A worker demonstrates a laser defense system, a large, multipart machine, in front of an open field.
An Israeli police officer demonstrates a laser defense system near the Israel-Gaza border in 2020.Credit...Tsafrir Abayov/Associated Press

Lara Jakes

By Lara Jakes

Lara Jakes frequently writes about the weapons industry.

Sept. 18, 2025Updated 5:20 a.m. ET

Drone swarms that have deluged Ukraine for years — and crossed the border into Poland last week — have sent NATO militaries in Europe rushing to upgrade air defenses in case they ever face a similar threat.

Soon they will have a new solution: lasers.

Scientists have for decades sought to harness directed energy beams into weapon systems that would be cheaper and more efficient than missiles or rockets. A growing number of countries are developing or deploying their own laser air defenses, and some have already been used in war, by Israel and Ukraine.

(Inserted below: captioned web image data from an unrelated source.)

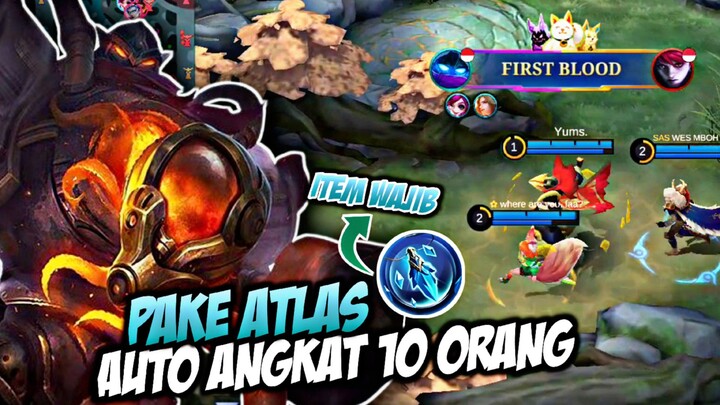 Pake Hero Old, Sempat Meta Pada Masanya!? - Mobile Legends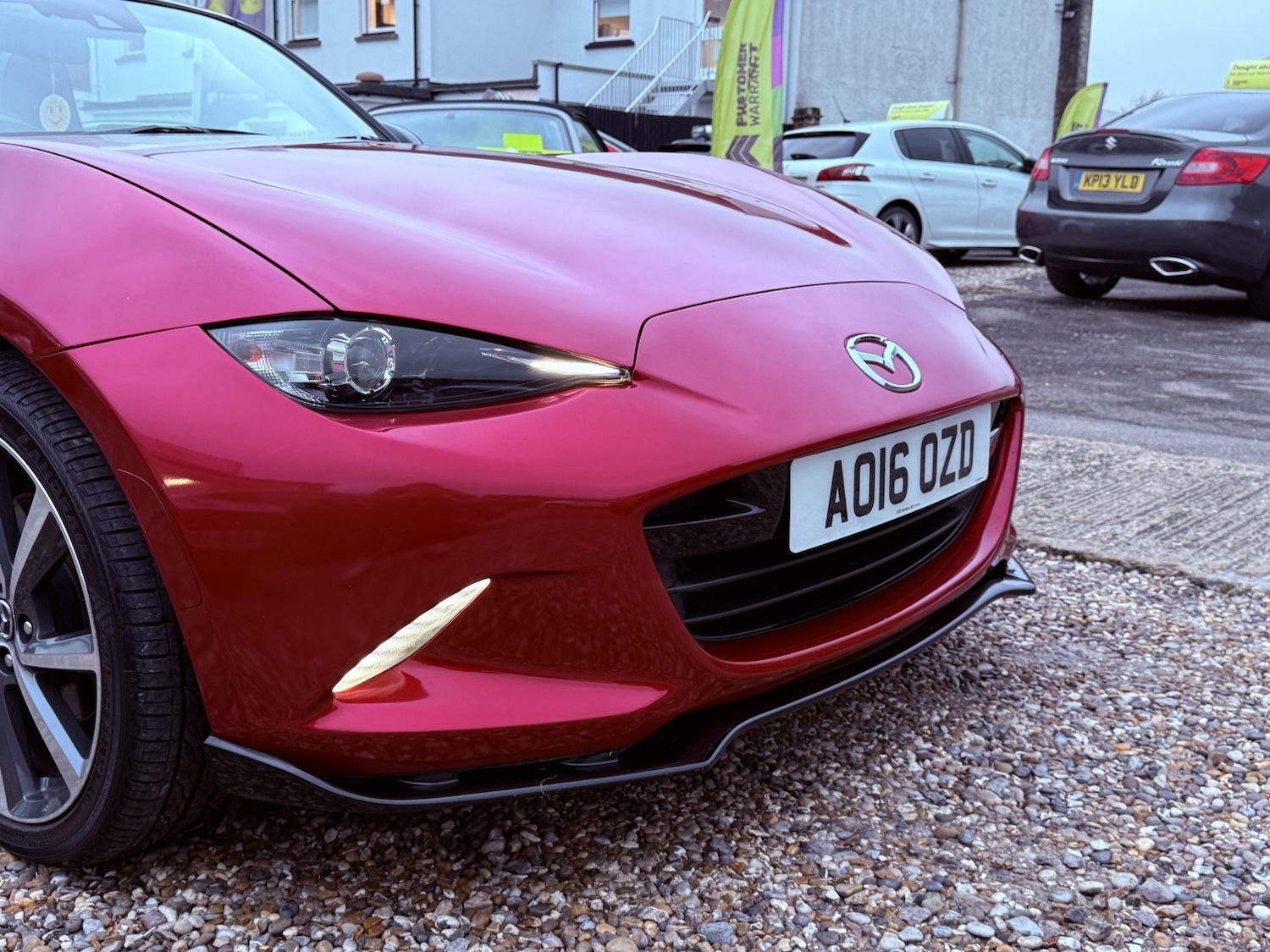 Used Mazda MX-5 2016 for sale - 76817524: Photo 23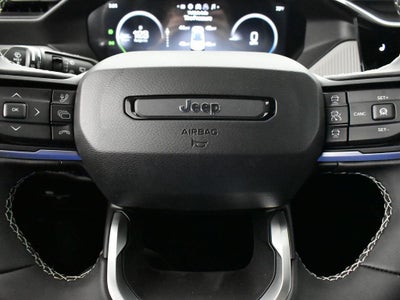 2026 Jeep Cherokee CHEROKEE LAREDO 4X4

A NATO nation in Europe is now buying an air defense laser from an Australian company, which officials, experts and industry executives said appears to be the highest-power direct energy system to be sold on the global weapons market. That is a sign that they are becoming more widely available and could be a mainstay for future warfare.

The Australian laser’s maker, Electro Optic Systems, advertises it as able to shoot down 20 drones a minute, at a cost of less than 10 cents per shot. Nicknamed “Apollo” for the Greek god of light, it has about the same level of power as Israel’s highly anticipated Iron Beam air defense laser, which is being built for its own military.

“The Ukrainian war and the Gaza war were key trigger events that everybody thought, ‘It’s the time now to make this operational. We should not spend any more years in doing demonstrations, tests and prototyping,’” Andreas Schwer, Electro Optic Systems’ chief executive, said in a recent interview.

“We have some clients which are so much under actual threat that they say, ‘Listen, we can’t wait — we need something tomorrow,’” Mr. Schwer added. He declined to say which NATO nation is buying the laser.